Use of counterfeit or surrogate alcohol is rife in Russia’s regions, where two years of economic pain have pushed more people below the poverty line, though the death toll from this latest incident is unusually high.
“It is a terrible tragedy,” Kremlin spokesperson Dmitry Peskov told reporters on a conference call.
“This type of problem is well known and the president has been informed. It undoubtedly demands our undivided attention and measures must be taken.”
Investigators in Irkutsk, a city around 4,200km east of Moscow, said they had detained two people suspected of distributing the bath oil. A local police official told Russian agencies five other arrests had also been made.
The product had a warning on its label saying it should not be swallowed, but investigators said people had ignored that and consumed it as if it was alcohol. The bath oil contained methylated spirit, they said.
A local official told news agency TASS that the liquid came in bottles whose labels said the content was 93% spirit. Police said they had found the workshop where the bath oil, called Hawthorn, was being produced alongside bootleg vodka.
It was unclear whether those selling the product were marketing it as a cheaper substitute for alcoholic drinks such as vodka.
“Forty two people have been admitted to medical institutions of whom 25 have died,” investigators said in an initial statement.
“Investigators and the police are conducting searches at markets where the liquid was first obtained.

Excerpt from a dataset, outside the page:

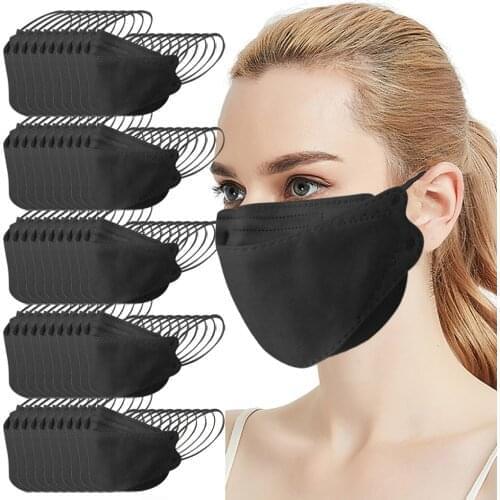 100pc black fish Disposable Face Mask Adult Mask For Face Women Fashion Masks For Protection Nose Wire Mouth Mask Halloween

More than 100 points of sale have been identified.”
Investigators later told the Interfax news agency that the death toll had been revised up to 33.
Prime Minister Dmitry Medvedev said in a government meeting he wanted to look at banning products that could cause so many deaths and that the country’s criminal code was being amended to toughen the punishment for people caught selling them.
In the meantime, Irkutsk mayor Dmitry Berdnikov announced a state of emergency in the city and temporarily banned the sale of all liquids containing spirits not meant for human consumption, according to agencies.
Alcohol market expert Vadim Drobiz says up to 12 million Russians drink cheap surrogate alcohol.
Russia’s Investigative Committee in a statement said 42 people had sought medical attention over the weekend after having drunk the liquid labelled as hawthorn-scented bath essence, 25 of whom died.
Authorities said the product bore a label warning it is unsuitable for consumption, but the lotion was nonetheless “consumed like alcohol.”
The product contained methanol, a toxic substance used in antifreeze, investigators said.
Cheap perfumes and facial toners containing alcohol are sold without the trading restrictions on alcoholic drinks, while those who buy them to drink are the most socially disadvantaged.
Two people have been detained over the deaths, investigators said, and searches are being conducted at the markets where the deadly product was being sold.
Homemade spirits and household products containing alcohol are popular throughout the former Soviet Union as a cheap alternative to the standard brands but are also blamed for a large number of alcohol-related deaths.